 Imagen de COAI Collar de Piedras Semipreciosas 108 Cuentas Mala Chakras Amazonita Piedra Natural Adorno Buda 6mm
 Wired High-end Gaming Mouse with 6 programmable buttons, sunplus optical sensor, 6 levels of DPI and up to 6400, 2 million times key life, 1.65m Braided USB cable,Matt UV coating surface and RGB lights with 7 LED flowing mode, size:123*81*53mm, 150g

==

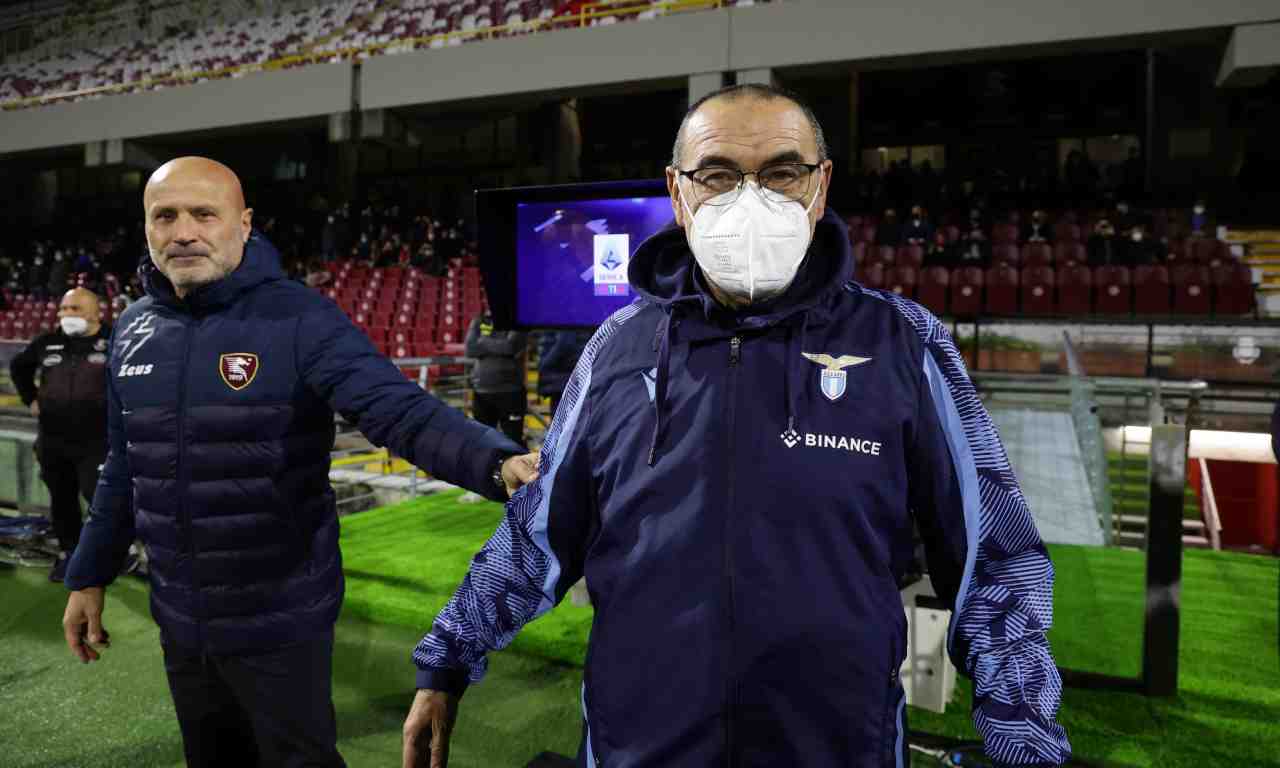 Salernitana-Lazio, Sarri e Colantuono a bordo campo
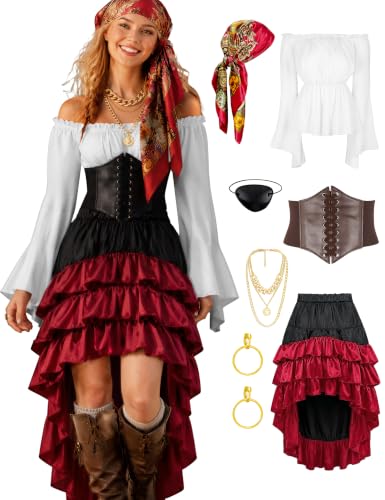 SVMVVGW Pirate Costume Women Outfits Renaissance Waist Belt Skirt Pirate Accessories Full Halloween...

◆ **Activity**:
For this exercise, please set down exactly the lines of the listing above from the line with "Salernitana-Lazio, Sarri e" up to and including the line with "SVMVVGW Pirate Costume", and no pictures.

◆ **Solution**:
 Salernitana-Lazio, Sarri e Colantuono a bordo campo
 SVMVVGW Pirate Costume Women Outfits Renaissance Waist Belt Skirt Pirate Accessories Full Halloween...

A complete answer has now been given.